* _Requirement_:
Return exactly the span of lines that opens with the line containing "Used 2022 GMC" and closes with the last line of the data, inclusive.
┌────────
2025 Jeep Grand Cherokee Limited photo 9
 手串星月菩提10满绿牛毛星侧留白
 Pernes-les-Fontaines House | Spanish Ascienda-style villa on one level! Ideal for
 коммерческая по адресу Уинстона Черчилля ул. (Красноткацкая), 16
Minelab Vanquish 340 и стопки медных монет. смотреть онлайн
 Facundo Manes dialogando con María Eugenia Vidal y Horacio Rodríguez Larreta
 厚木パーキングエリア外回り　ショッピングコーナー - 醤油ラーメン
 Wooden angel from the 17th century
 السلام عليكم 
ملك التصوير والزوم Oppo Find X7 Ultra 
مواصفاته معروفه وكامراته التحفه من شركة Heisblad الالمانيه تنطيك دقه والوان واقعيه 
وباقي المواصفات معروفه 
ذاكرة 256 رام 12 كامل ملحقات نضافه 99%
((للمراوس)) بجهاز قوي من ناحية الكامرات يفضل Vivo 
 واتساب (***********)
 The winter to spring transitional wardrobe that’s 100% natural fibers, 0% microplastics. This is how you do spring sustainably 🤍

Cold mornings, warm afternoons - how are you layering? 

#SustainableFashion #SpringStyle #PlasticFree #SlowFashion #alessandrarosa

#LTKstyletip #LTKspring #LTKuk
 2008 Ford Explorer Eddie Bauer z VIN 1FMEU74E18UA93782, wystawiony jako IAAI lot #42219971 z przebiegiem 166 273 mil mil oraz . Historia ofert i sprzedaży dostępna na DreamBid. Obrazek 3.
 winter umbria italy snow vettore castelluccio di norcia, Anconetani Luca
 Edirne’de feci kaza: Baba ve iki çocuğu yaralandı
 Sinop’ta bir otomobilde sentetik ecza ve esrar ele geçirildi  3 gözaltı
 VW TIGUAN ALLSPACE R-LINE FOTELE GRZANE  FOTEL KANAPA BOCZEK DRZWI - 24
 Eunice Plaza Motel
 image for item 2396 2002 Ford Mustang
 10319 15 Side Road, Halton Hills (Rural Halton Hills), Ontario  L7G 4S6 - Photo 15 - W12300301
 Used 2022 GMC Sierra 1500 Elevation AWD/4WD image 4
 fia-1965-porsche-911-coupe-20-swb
└────────
* _Answer to this exercise_:
 Used 2022 GMC Sierra 1500 Elevation AWD/4WD image 4
 fia-1965-porsche-911-coupe-20-swb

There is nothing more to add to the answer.